Task requirements> Nothing but the text of the records should come back; copy it exactly and leave the pictures out.

[Image-text web data]
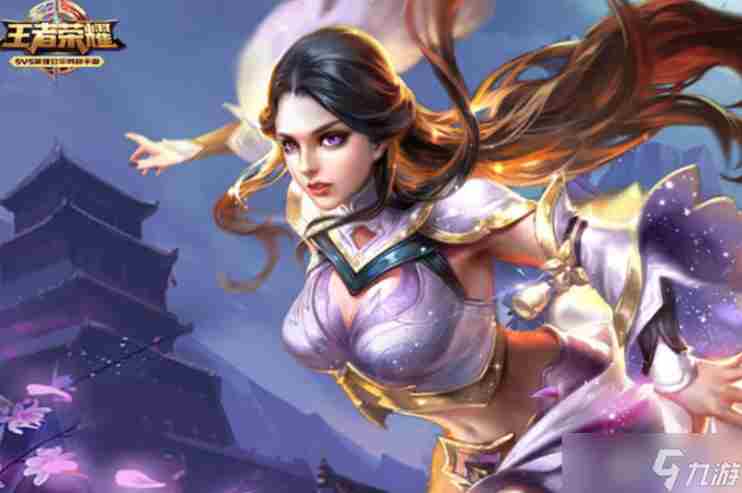 王者荣耀各位置最厉害的英雄排名2023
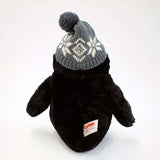 Gund Puffers Penguin 10 Inch Plush Figure - Radar Toys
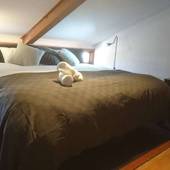 The Joint Hakuba（長野県 コテージ・ロッジ・一棟貸） / 3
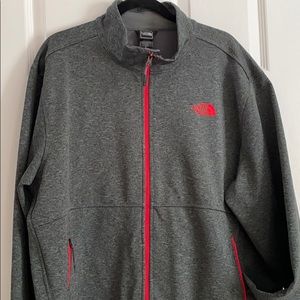Men’s North Face jacket XXL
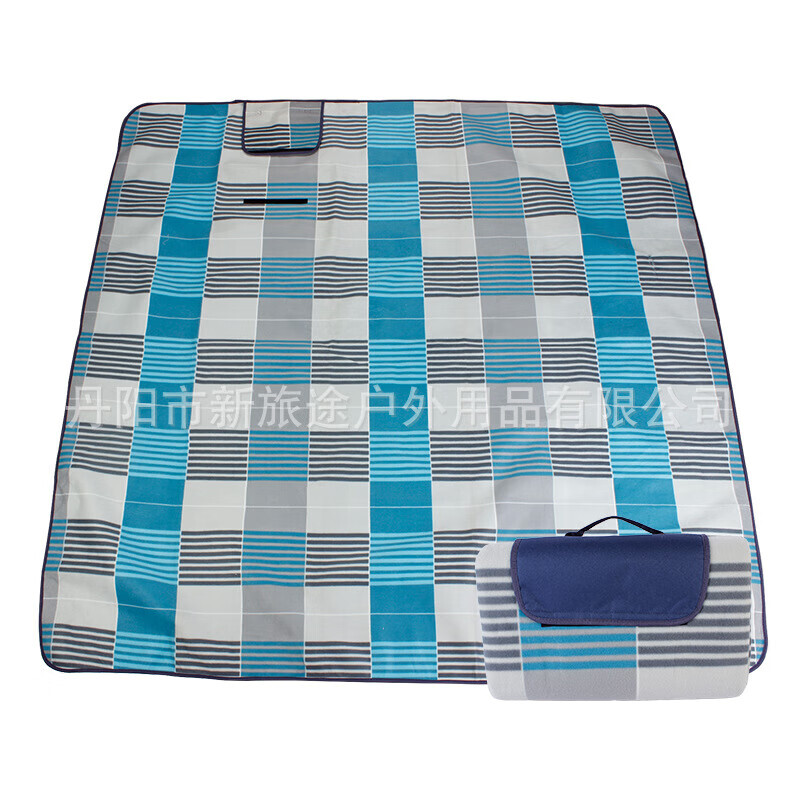 Yjhome новый коврик для пикника на открытом воздухе с синей и серой сеткой, пляжный коврик для пикника с синей и серой сеткой 200*200 см
Yjhome новый коврик для пикника на открытом воздухе с синей и серой сеткой, пляжный коврик для пикника с синей и серой сеткой 200*200 см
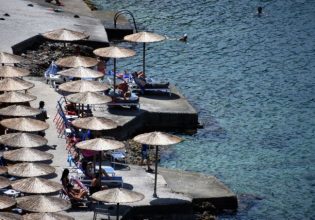 Καιρός: Σκαρφαλώνει ο υδράργυρος – «Καυτή» η εβδομάδα που έρχεται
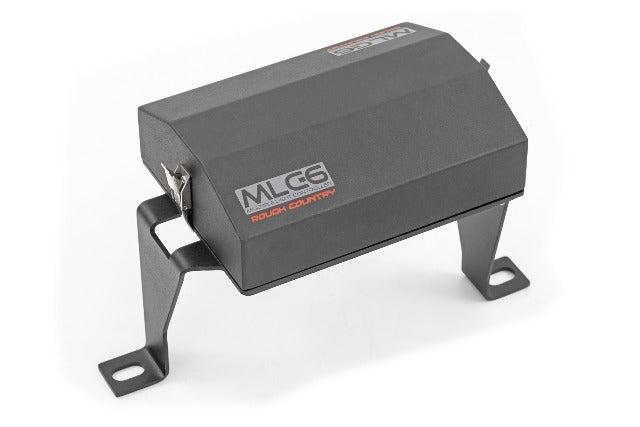 MLC-6 Multiple Light Controller Ford Bronco 2021-2022 -2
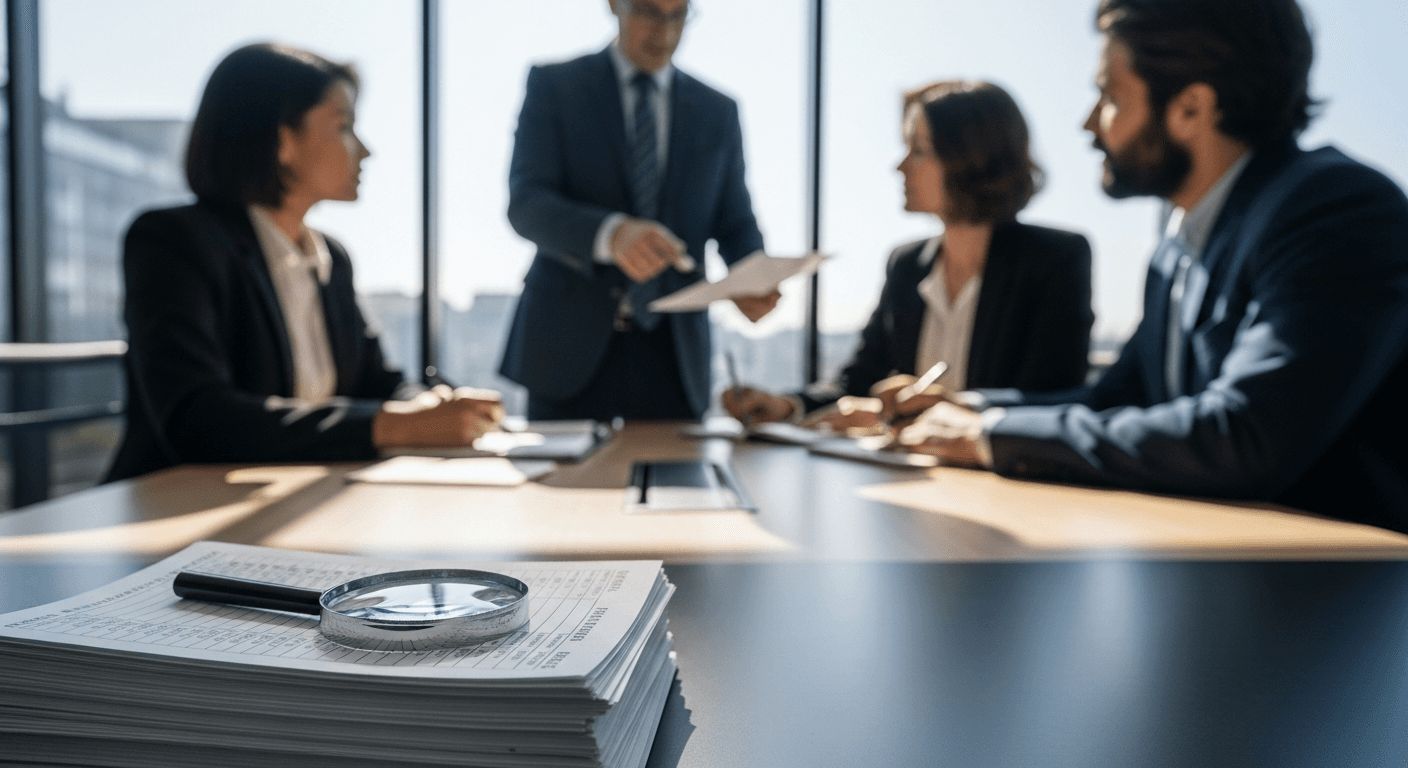 Wage & Hour attorney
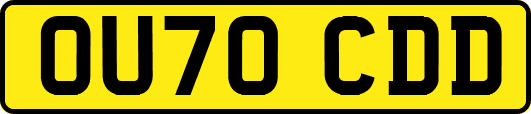 OU70CDD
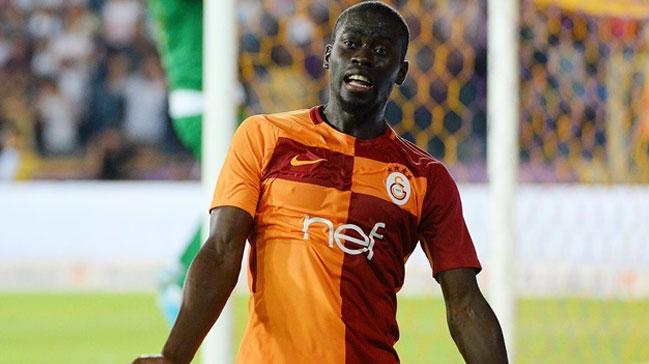 Igor Tudor, Malatyaspor manda Badou Ndiaye'yi hcum blgesinde kullanacak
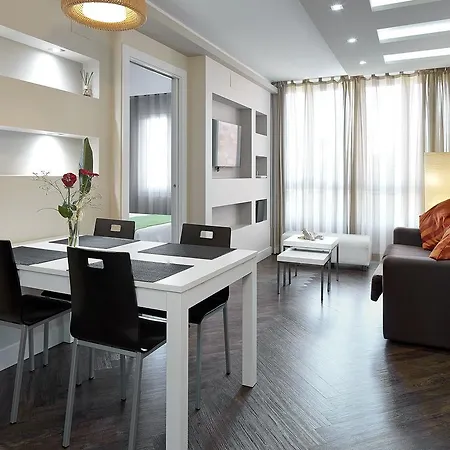 Gaudint Apartmán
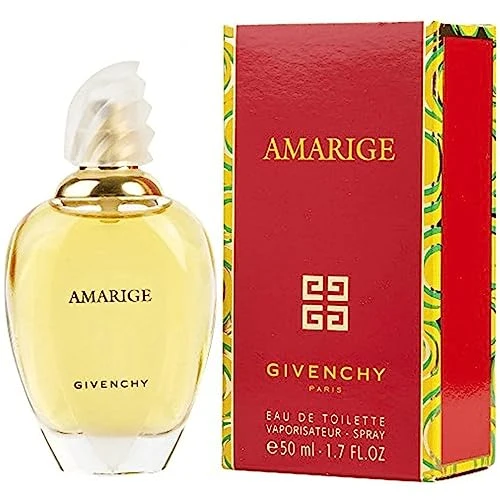 Amarige Eau de Toilette Spray 50 ml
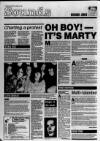 Bristol Evening Post Friday 20 April 1990 Page 74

Answer space>
 王者荣耀各位置最厉害的英雄排名2023
 Gund Puffers Penguin 10 Inch Plush Figure - Radar Toys
 The Joint Hakuba（長野県 コテージ・ロッジ・一棟貸） / 3
Men’s North Face jacket XXL
 Yjhome новый коврик для пикника на открытом воздухе с синей и серой сеткой, пляжный коврик для пикника с синей и серой сеткой 200*200 см
Yjhome новый коврик для пикника на открытом воздухе с синей и серой сеткой, пляжный коврик для пикника с синей и серой сеткой 200*200 см
 Καιρός: Σκαρφαλώνει ο υδράργυρος – «Καυτή» η εβδομάδα που έρχεται
 MLC-6 Multiple Light Controller Ford Bronco 2021-2022 -2
 Wage & Hour attorney
 OU70CDD
 Igor Tudor, Malatyaspor manda Badou Ndiaye'yi hcum blgesinde kullanacak
 Gaudint Apartmán
 Amarige Eau de Toilette Spray 50 ml
 Bristol Evening Post Friday 20 April 1990 Page 74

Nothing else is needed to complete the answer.